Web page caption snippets

------------------------

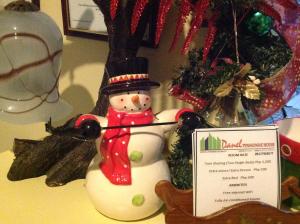 a snowman figurine next to a sign on a table at Danel Pensionne House in Tacloban
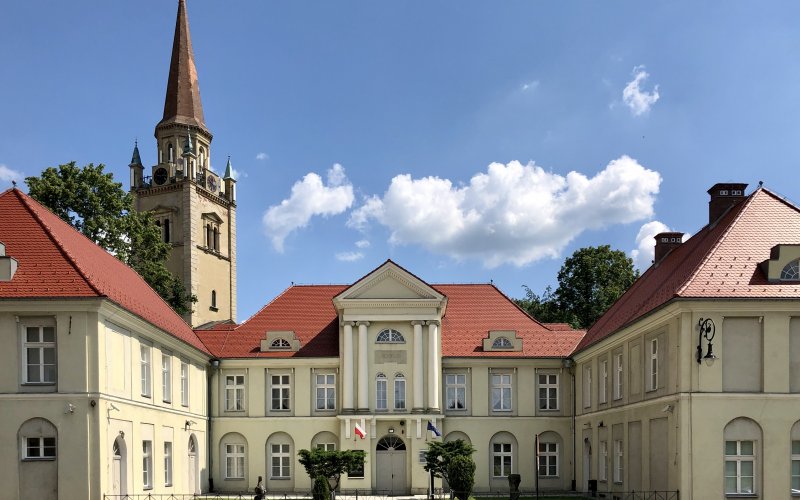 Pałacowy budynek z kolumnami i wieżą kościoła w tle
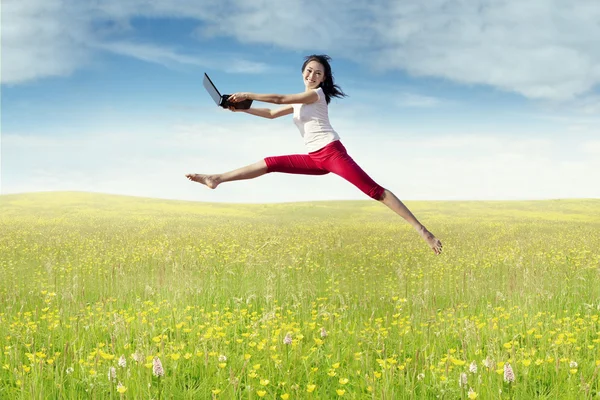 Woman with laptop leaps in the nature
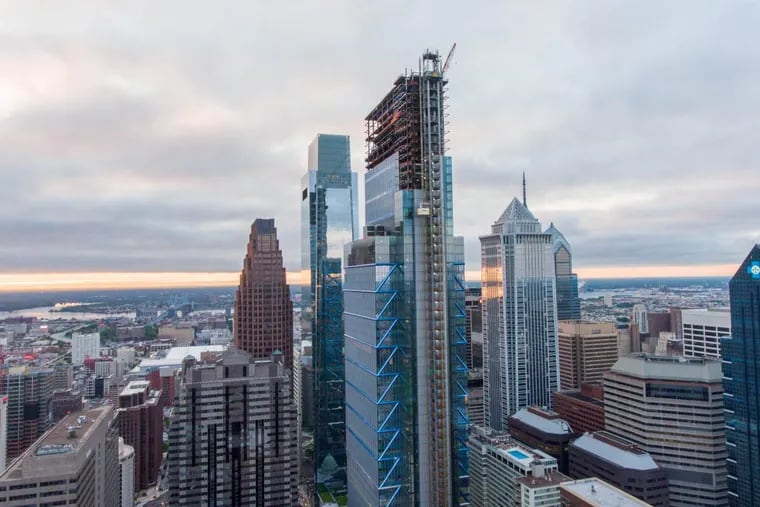 A high-elevation drone photo of the Comcast Center and the new Comcast tower under construction.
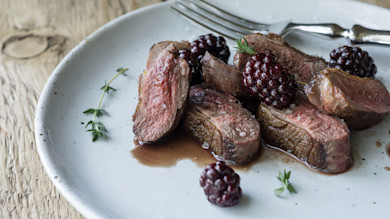 Seared duck breast slices with blackberry sauce and thyme on white plate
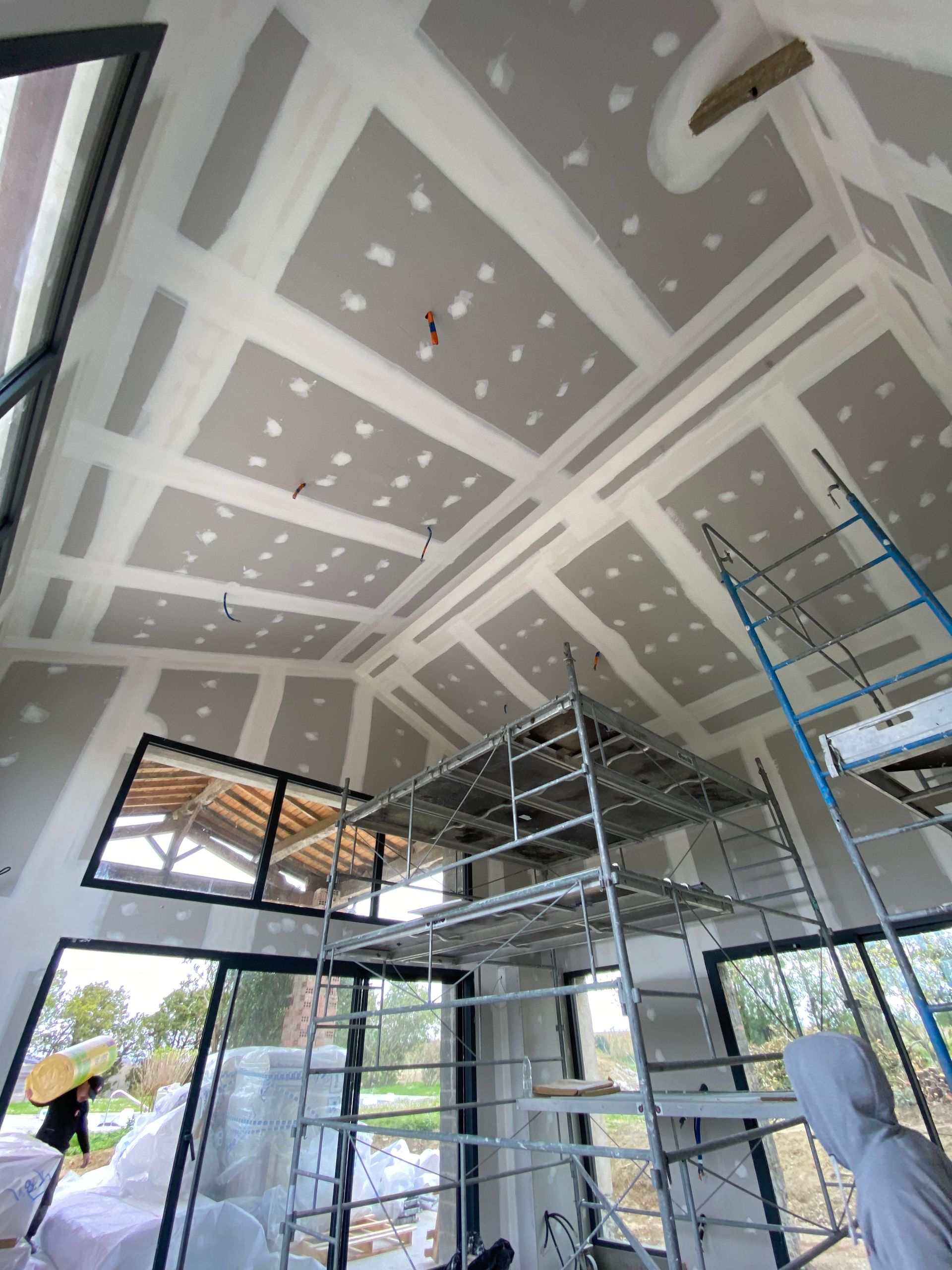 Plafond et murs en cloisons sèches avec composé à joints et fils partiellement terminés.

------------------------

→ What you will do
Set down every record exactly, without the pictures.

→ Final answer
 a snowman figurine next to a sign on a table at Danel Pensionne House in Tacloban
 Pałacowy budynek z kolumnami i wieżą kościoła w tle
 Woman with laptop leaps in the nature
 A high-elevation drone photo of the Comcast Center and the new Comcast tower under construction.
 Seared duck breast slices with blackberry sauce and thyme on white plate
 Plafond et murs en cloisons sèches avec composé à joints et fils partiellement terminés.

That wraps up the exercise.